Federal Indictments Lead to Arrests in Stem Cell Case
|U.S. Attorney’s Office December 28, 2011|
Three men have been arrested for their participation in a scheme to manufacture, distribute and sell to the public stem cells and stem cell procedures that were not approved by the Food and Drug Administration (FDA), United States Attorney Kenneth Magidson announced today along with Assistant Attorney General Tony West of the Department of Justice’s Civil Division, Special Agent in Charge Patrick J. Holland of the FDA-Office of Criminal Investigations (OCI) and Special Agent in Charge Cory B. Nelson of the FBI.

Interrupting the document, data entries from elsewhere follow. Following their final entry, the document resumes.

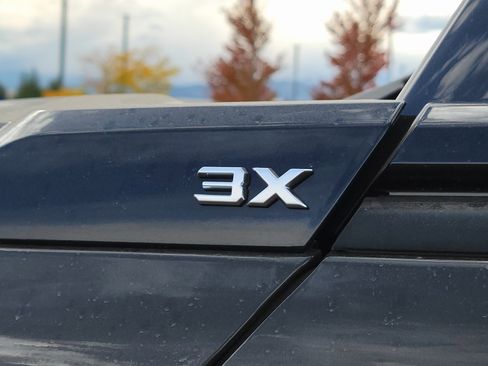 New 2025 GMC Hummer EV 3X image 18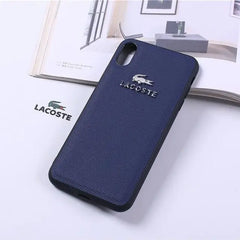 Designer Alligator Super Rugged Back Cover For Apple iPhone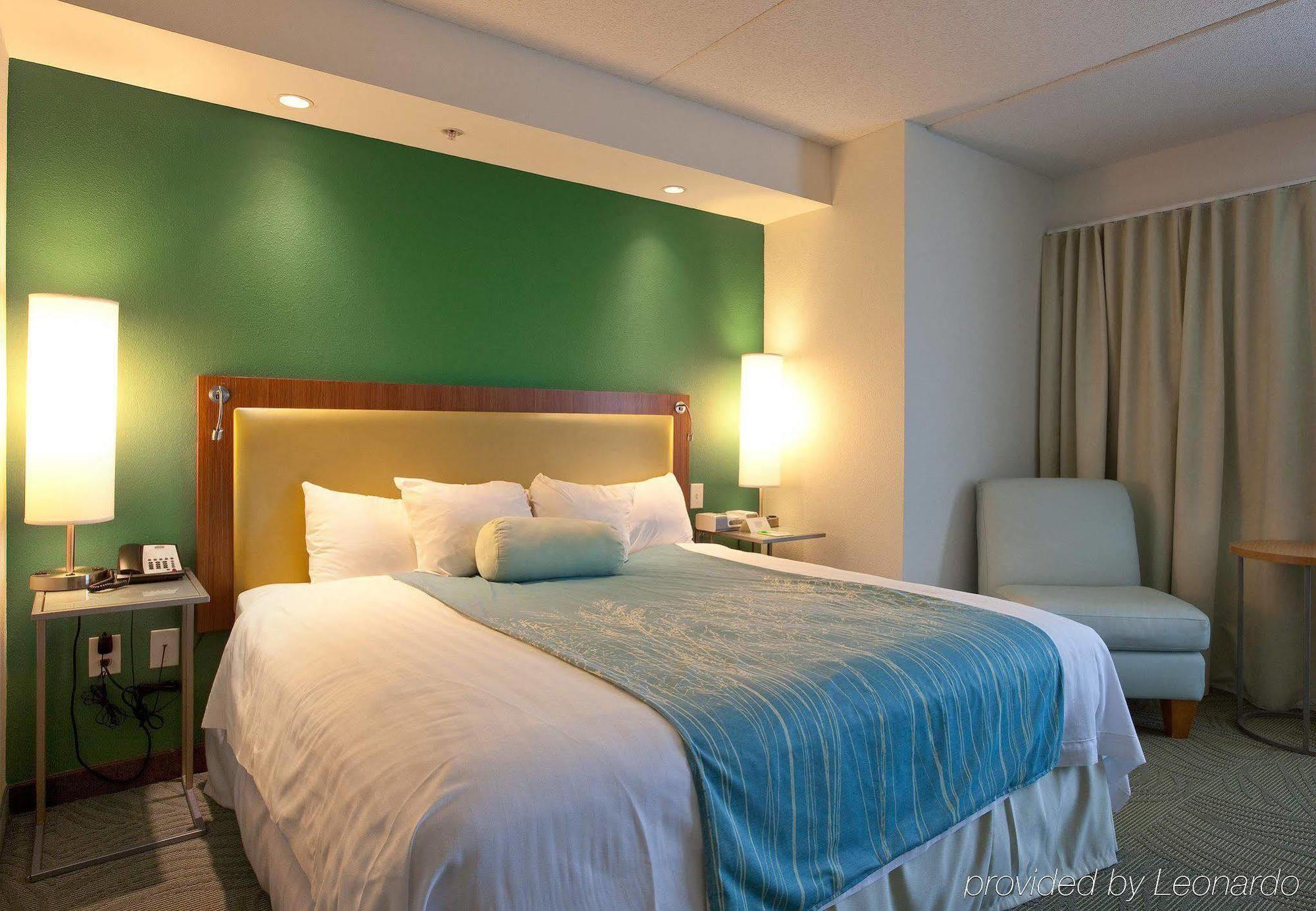 Springhill Suites By Marriott Athens West Esterno foto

Francisco Morales, 52, of Brownsville, Texas, was arrested by Customs and Border Protection agents pursuant to a arrest warrant late Dec. 22, 2011. He made his initial appearance the following morning at which time he was ordered held without bond. Alberto Ramon, 48, of Del Rio, Texas, and Vincent Dammai, 40, of Mount Pleasant, S.C., were arrested yesterday. Ramon was arrested as he was about to enter his clinic and has already made his initial appearance in Del Rio, while Dammai was arrested in Florence, S.C., and is expected to make his initial appearance in Charleston, S.C., this morning. Lawrence Stowe, 58, of Dallas, Texas, also charged in relation to this case, is considered a fugitive and a warrant remains outstanding for his arrest. The two indictments in this matter, returned Nov. 9 and 10, 2011, have been unsealed by order of the court.
“Protecting the public from unproven and potentially dangerous drug and medical procedures is very important,” said Magidson. “This office will continue to prosecute violations involving threats to the public health.”
“This investigation identified a scheme whereby the suffering and hopes of victims in extreme medical need were used and manipulated for personal profit,” said Nelson. “The predatory and opportunistic nature of the crimes alleged in this indictment mirrors images from science fiction.”
The defendants allegedly conspired to commit mail fraud and unlawfully distributed stem cells derived from umbilical cord blood. According to the indictment, Morales and the others manufactured, distributed and used stems cells produced from umbilical cord blood to perform procedures not approved by the FDA to treat persons suffering from cancer, amytrophic lateral sclerosis (ALS), multiple sclerosis (MS) and other autoimmune diseases. FDA approval is required before stem cells can be marketed to the public and used to treat incurable diseases and the FDA has not determined that stem cells are safe and effective in treating these diseases.
“This indictment demonstrates the commitment of the FDA to protect the American public from the harms inherent in being exposed to unapproved new drugs,” said Holland. “The FDA will continue to aggressively pursue perpetrators of such acts and ensure that they are punished to the full extent of the law.”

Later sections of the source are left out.